**The task**
The answer is the exact run of lines in the listing below from the line containing "New Rainbow Educational" up to and including the line containing "Parcela st. 83/32", with pictures removed.

**Records to use**
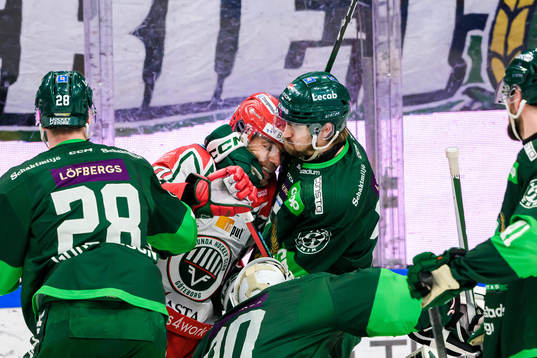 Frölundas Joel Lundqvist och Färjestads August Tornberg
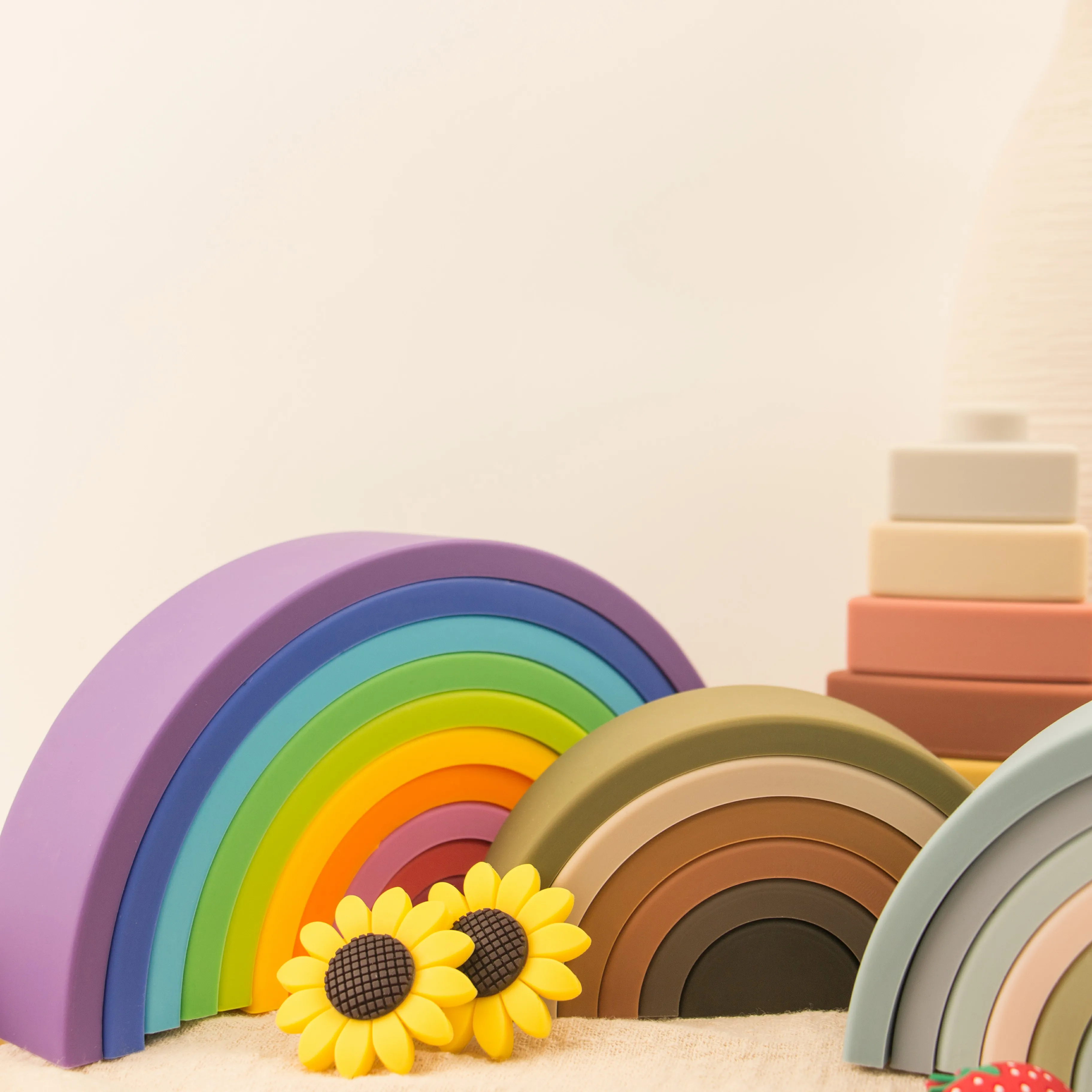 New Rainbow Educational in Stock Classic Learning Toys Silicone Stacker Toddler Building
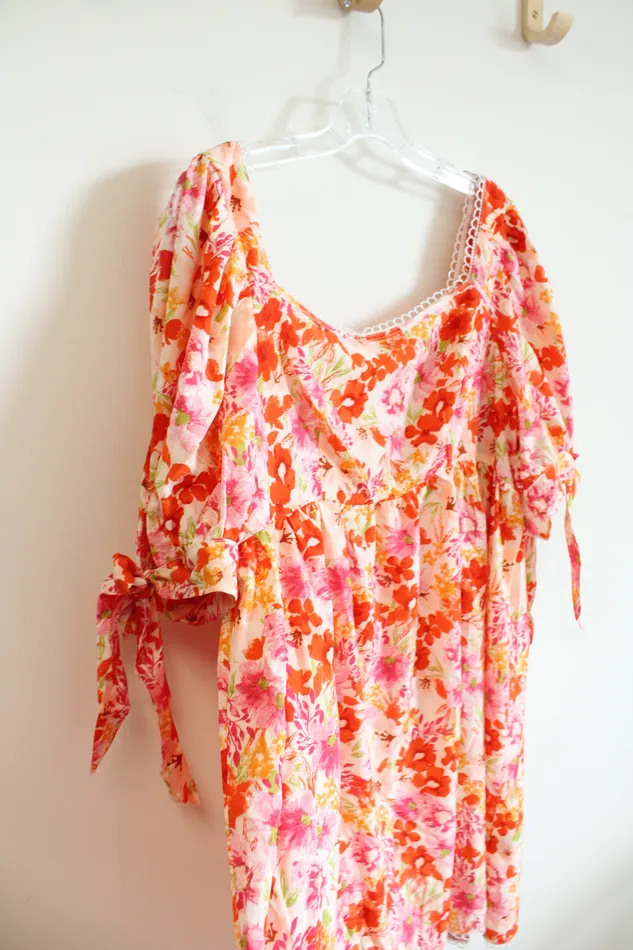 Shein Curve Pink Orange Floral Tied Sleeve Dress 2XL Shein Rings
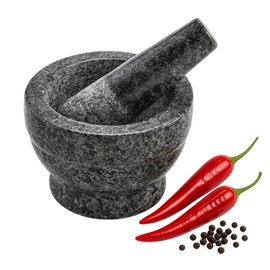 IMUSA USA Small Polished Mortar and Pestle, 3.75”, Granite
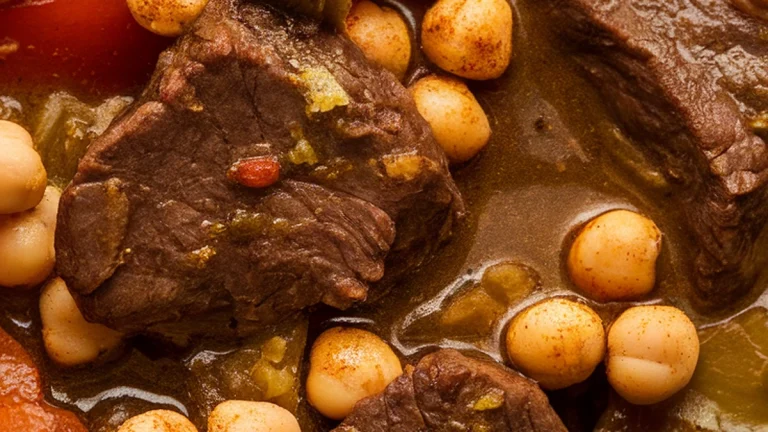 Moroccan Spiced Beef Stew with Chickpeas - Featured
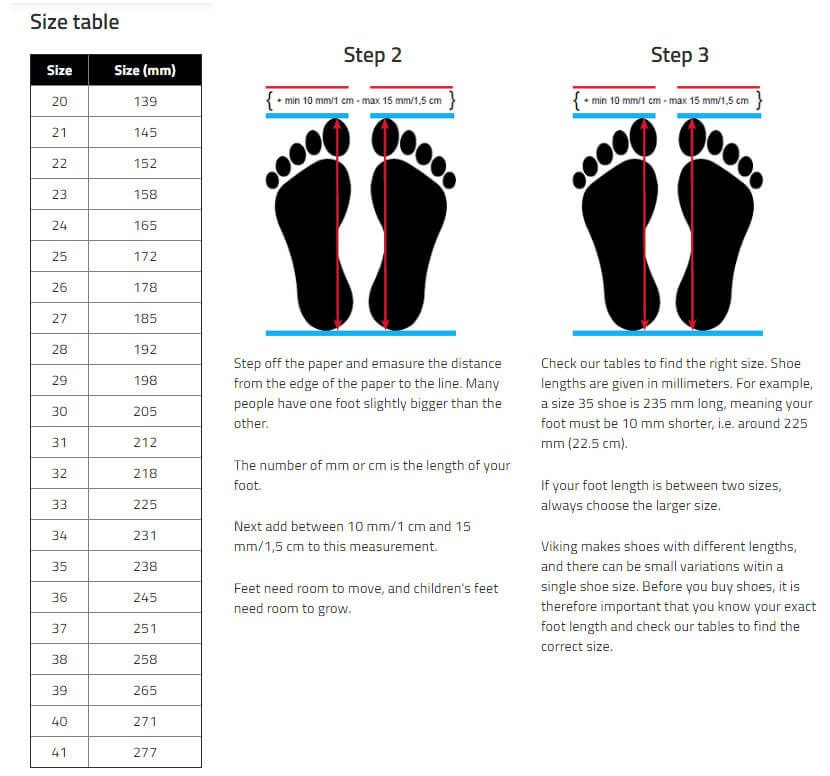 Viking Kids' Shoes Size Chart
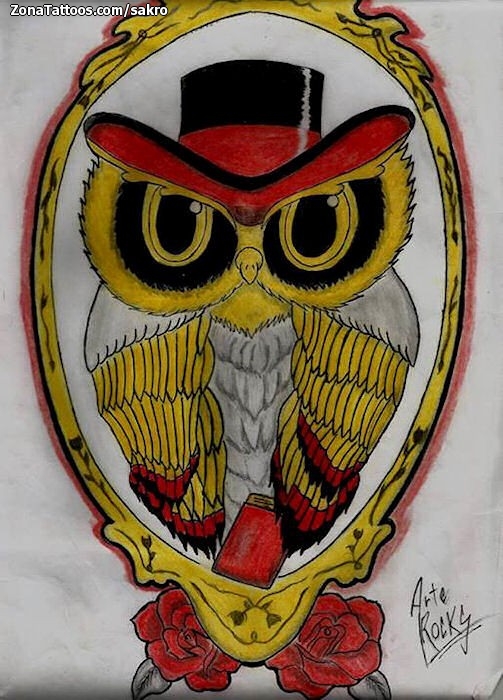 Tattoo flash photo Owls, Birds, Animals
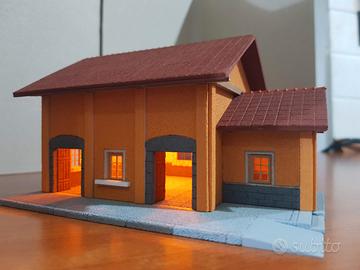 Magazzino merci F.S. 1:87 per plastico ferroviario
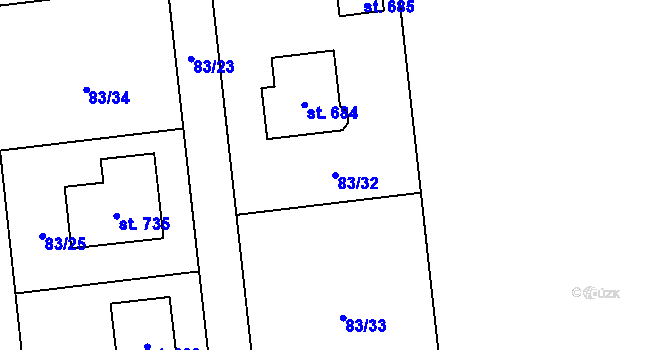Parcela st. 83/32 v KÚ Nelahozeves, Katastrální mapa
--
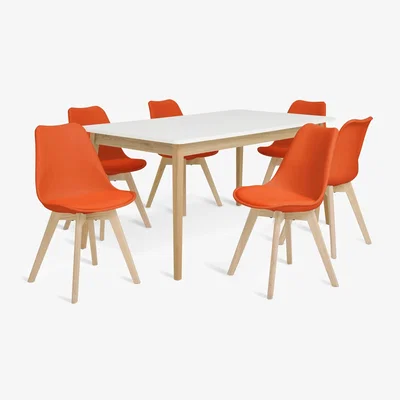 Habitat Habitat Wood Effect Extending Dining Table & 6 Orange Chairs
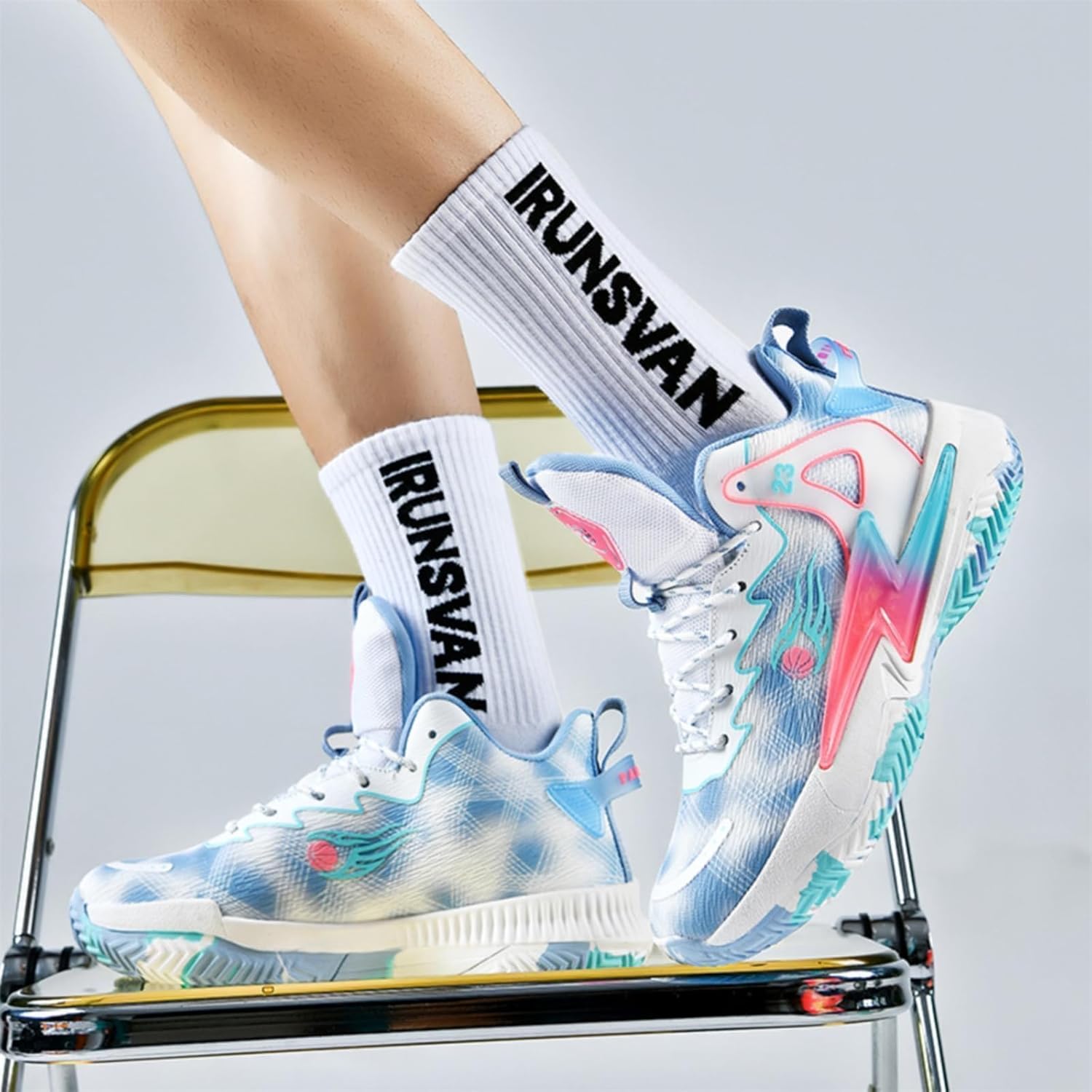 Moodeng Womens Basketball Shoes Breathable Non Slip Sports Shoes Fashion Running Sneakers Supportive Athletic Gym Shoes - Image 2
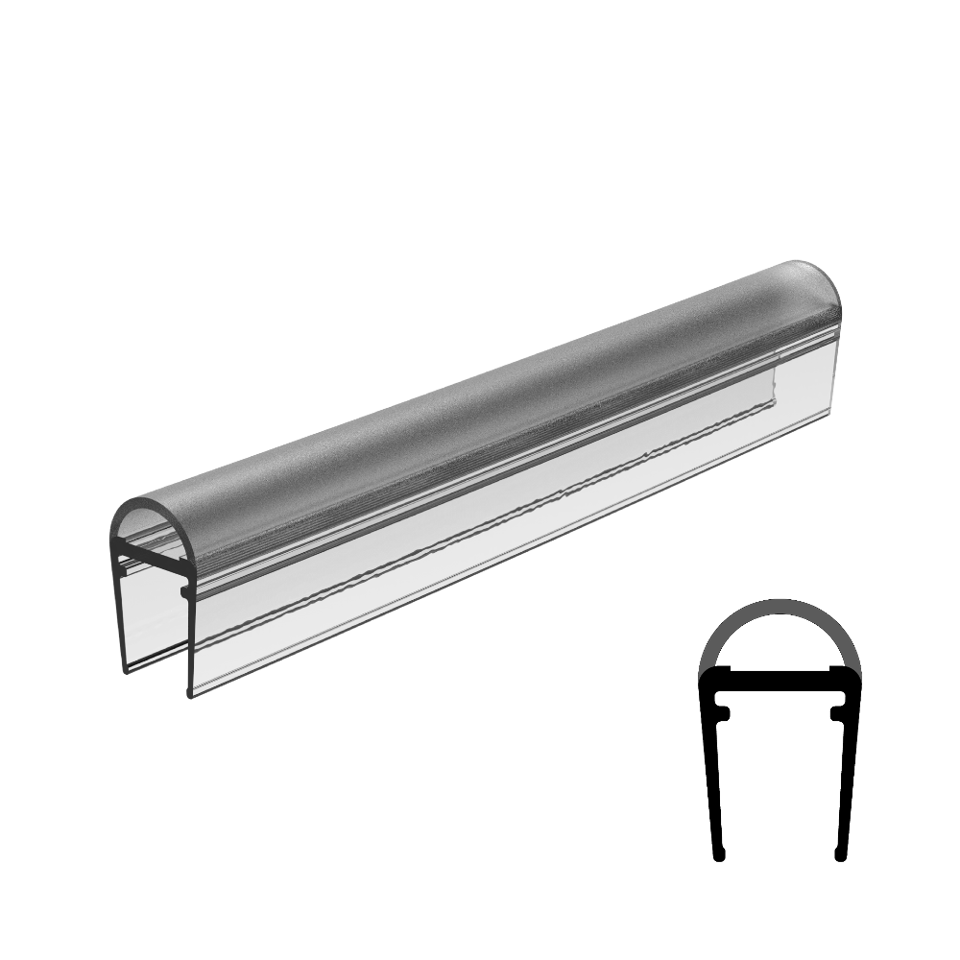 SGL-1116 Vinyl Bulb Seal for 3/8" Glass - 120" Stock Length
--
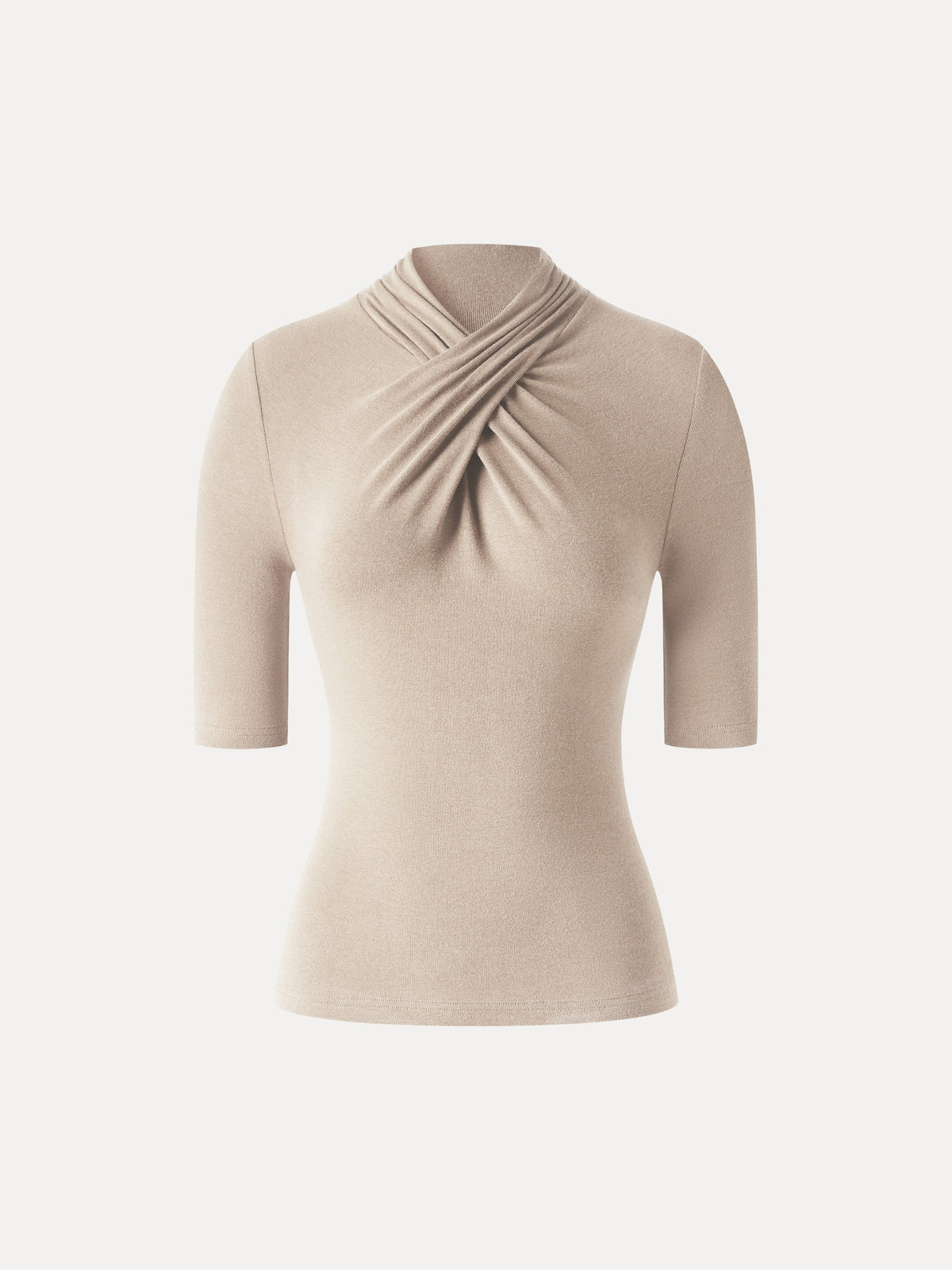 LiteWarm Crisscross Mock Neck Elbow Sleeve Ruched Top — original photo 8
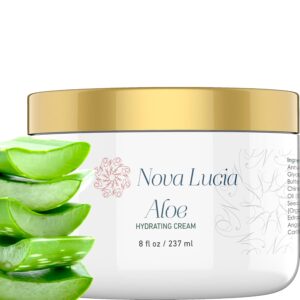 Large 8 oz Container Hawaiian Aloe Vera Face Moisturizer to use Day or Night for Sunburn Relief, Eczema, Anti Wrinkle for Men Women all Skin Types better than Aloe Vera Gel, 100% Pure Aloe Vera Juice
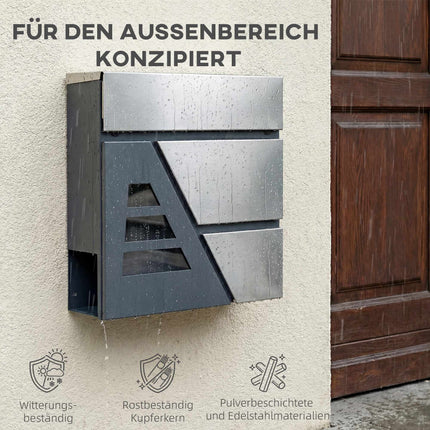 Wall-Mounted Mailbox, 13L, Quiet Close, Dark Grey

**Exercise response**
 New Rainbow Educational in Stock Classic Learning Toys Silicone Stacker Toddler Building
 Shein Curve Pink Orange Floral Tied Sleeve Dress 2XL Shein Rings
 IMUSA USA Small Polished Mortar and Pestle, 3.75”, Granite
 Moroccan Spiced Beef Stew with Chickpeas - Featured
 Viking Kids' Shoes Size Chart
 Tattoo flash photo Owls, Birds, Animals
 Magazzino merci F.S. 1:87 per plastico ferroviario
Parcela st. 83/32 v KÚ Nelahozeves, Katastrální mapa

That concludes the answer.